The five sub-sections selected by Karmon and Pilpel are also varied: some cover well-trodden ground (but are nonetheless worth repeating), while others seem almost entirely new. For example, the sub-section about stem cell division and cancer risk seems to be a mostly new idea that has not been discussed by evolutionary biologists so much or as long as codon usage and gene duplication; it thus provides good contrast in the article.

Together it is an interesting read, but lacks scholarship and connection to the prior literature. The following issues need to be remedied in the revision.

1) Connection to the prior literature

1A) More than fifty years ago, Ernst Mayr wrote about the nature of causation in biology, and distinguished between proximate (physiology) and ultimate causes (evolution). Since then, others have noted that this rigorous distinction is problematic to say the least, and that reciprocal causation may now prove useful for many specific biological problems (Laland et al. 2011; DOI: 10.1126/science.1210879). Since your paper attempts to discuss well-defined segments of this problem, you should put your arguments and speculation within the proper historical context.

1B) A few other important citations are missing from specific sub-sections. In the gene duplication example, a reference to Ohno (e.g. S. Ohno, Evolution by Gene Duplication, Springer 1970) is critical but missing, and a reference to Lynch's work on gene duplication and genome evolution (e.g. M. Lynch, The Origins of Genome Architecture, Sinauer 2007) should be added too. In the microbiome example, a reference to the large evolutionary literature on "niche construction" would be useful.

2) Consideration of problem-solving principles

At the end of the paper, you ask "why is the reasoning of many biologists, so it seems, more prone to prefer the effect acting on the short-term, physiological time scale explanation over the processes that take millions of years to manifest themselves?" The brief discussion that follows could be improved if it also considered how general problem-solving principles, such as Occam's razor, could explain the 'bias'.

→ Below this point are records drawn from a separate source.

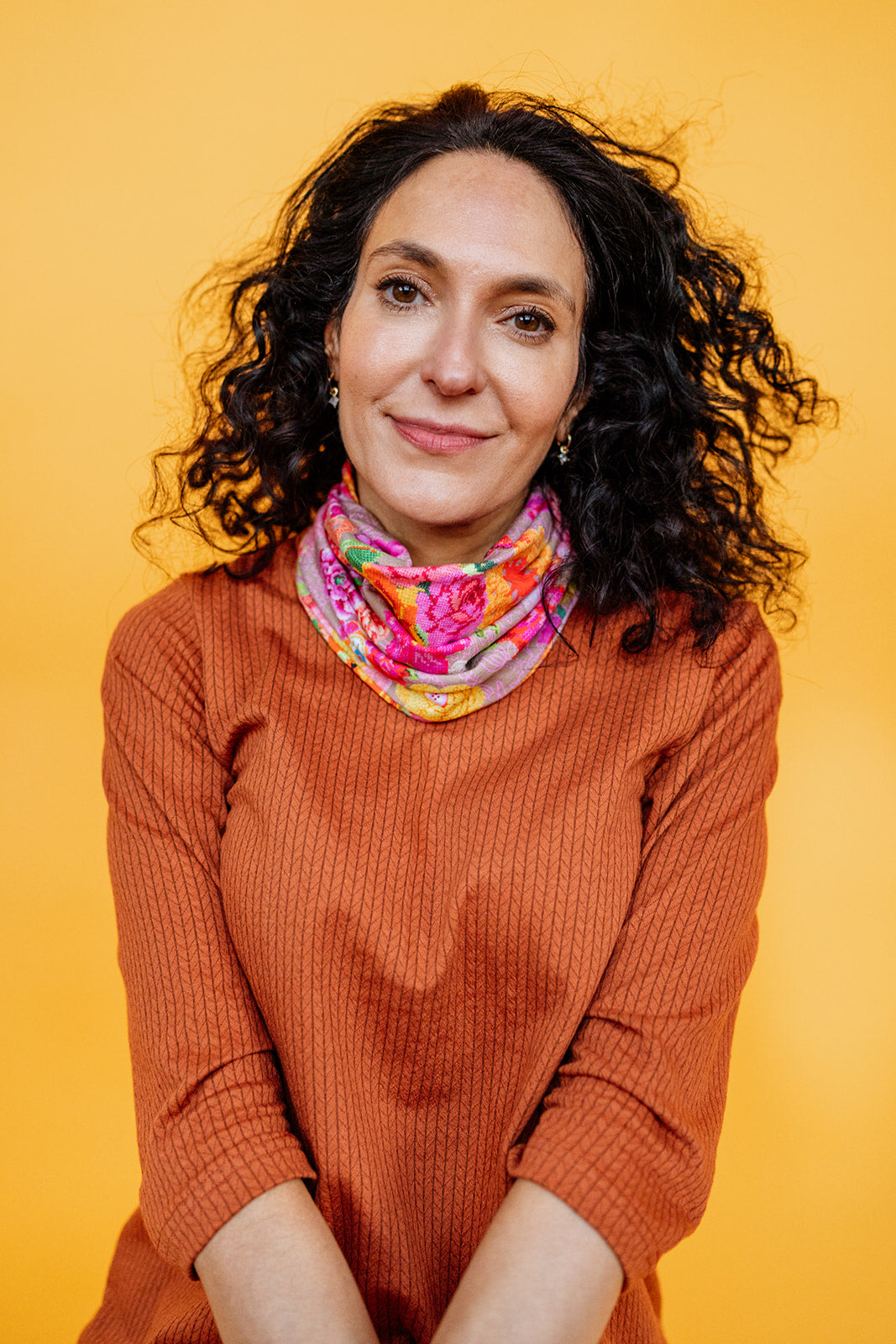 * Jersey Snood in Pink Collage Jersey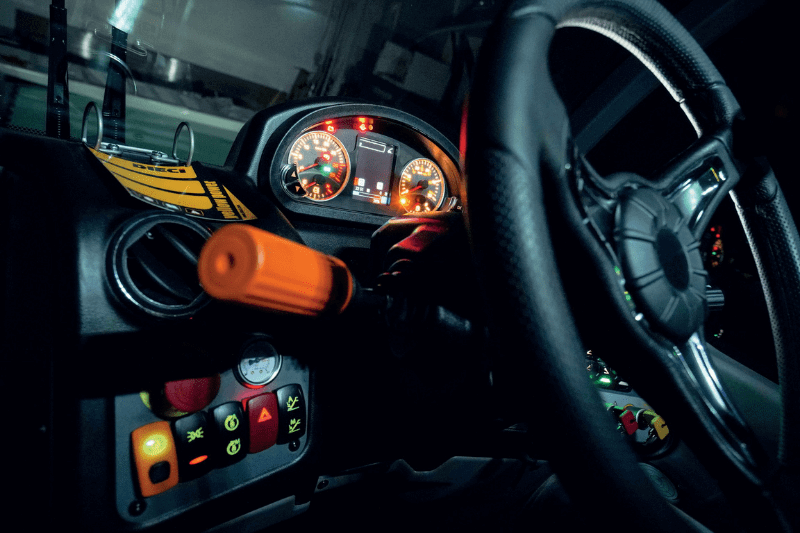 Bedienung des Pegasus 40.18 von Dieci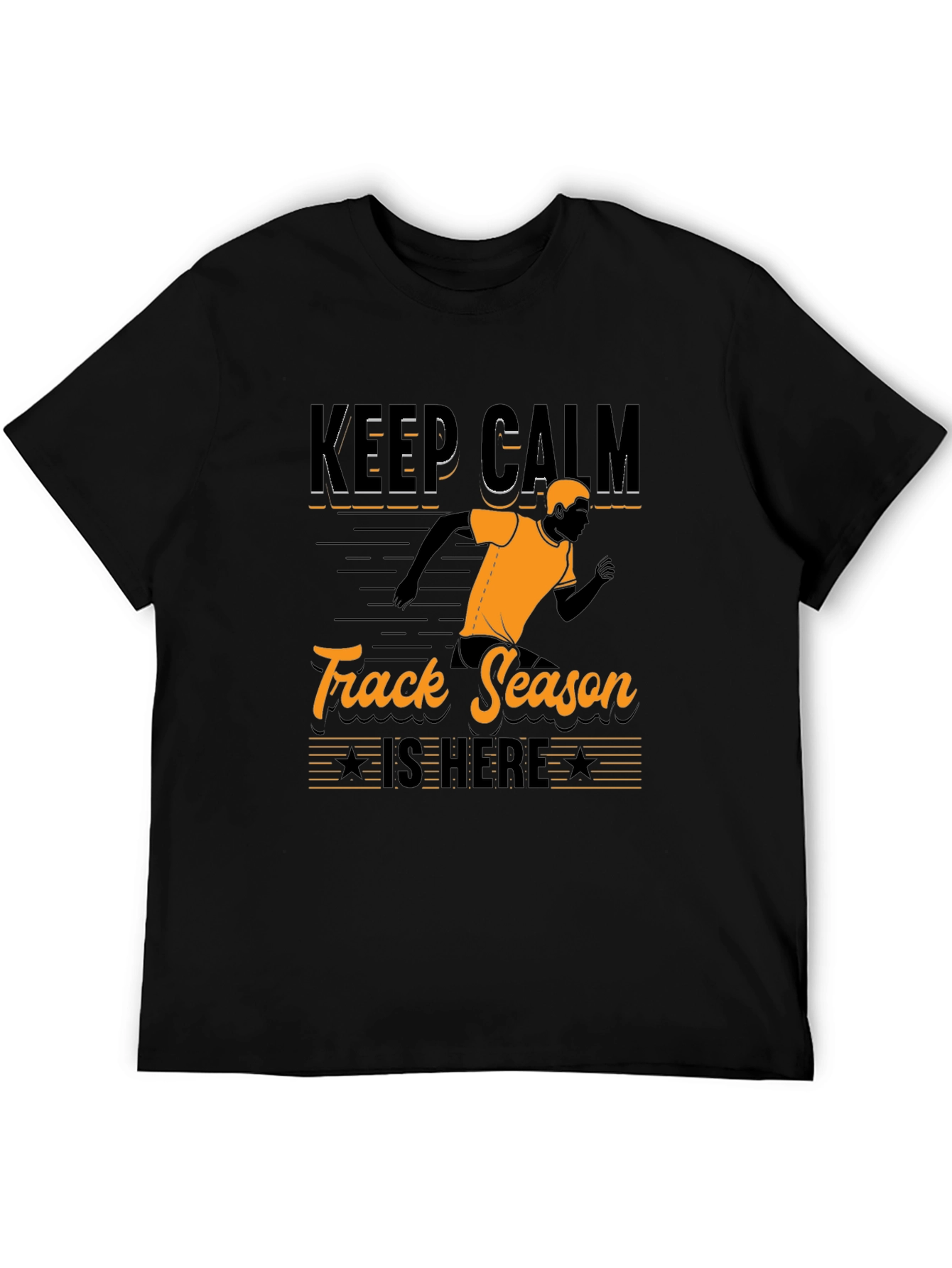 Keep Calm Track Season Is Here T-Shirt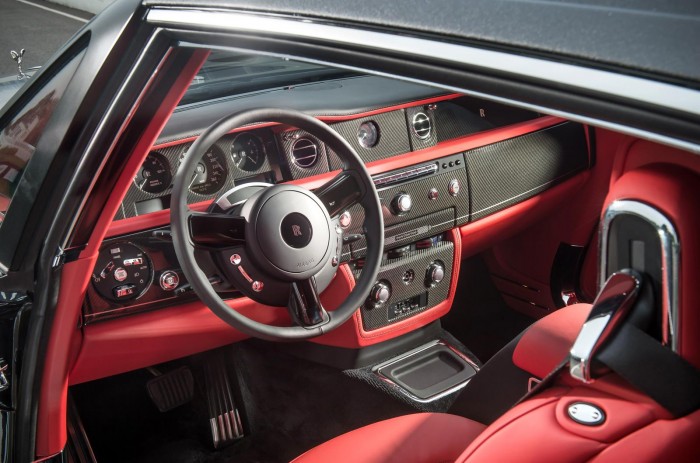 Interior do Rolls Royce Phantom Bespoke Chicane Coupe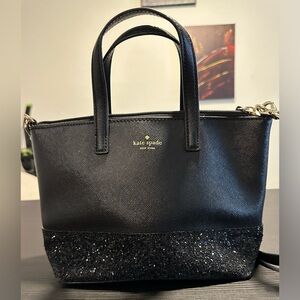 Kate Spade Black Sparkle Crossbody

For example, in the gene duplicability sub-section – the pattern that needs to be explained is that duplicated genes in the genome often appear to be less essential. There are two, mutually non-exclusive explanations:

i) The presence of a back-up gene mitigates fitness effect of mutations in the other copy.ii) Gene dispensability drives gene duplication on an evolutionary timescale.

Both hypotheses are relevant, but there is a good reason why researchers should start by focusing on the first hypothesis. This is because the second hypothesis has an extra assumption (that dispensable genes are more likely to undergo gene duplication during evolution), which is non-trivial and has relatively little empirical basis. The first hypothesis has no such hidden assumption, and testing its predictions is straightforward (e.g. by comparing the fitness of singleton and double-knock-outs). Therefore, only if the predictions of this first hypothesis fail would most people consider the more complicated models that assume that evolution (i.e. gene duplicability) differs across gene classes. By not taking this into consideration, there is a risk that the current manuscript could potentially encourage readers to ignore simple null models.

3) Example of codon usage

The example about codon usage is perhaps the best illustration of the overall point made in the piece. However, the article should make it clearer that the fast-acting physiological effect is generally only visible in the unnatural case of a highly expressed transgene. By contrast, the effects of codon usage on synthesis for endogenous genes are much weaker, even for the most strongly expressed endogenous genes, which is why it has taken evolutionary timescales for the genome to adjust codon usage (and has done so only for high-expression endogenous genes).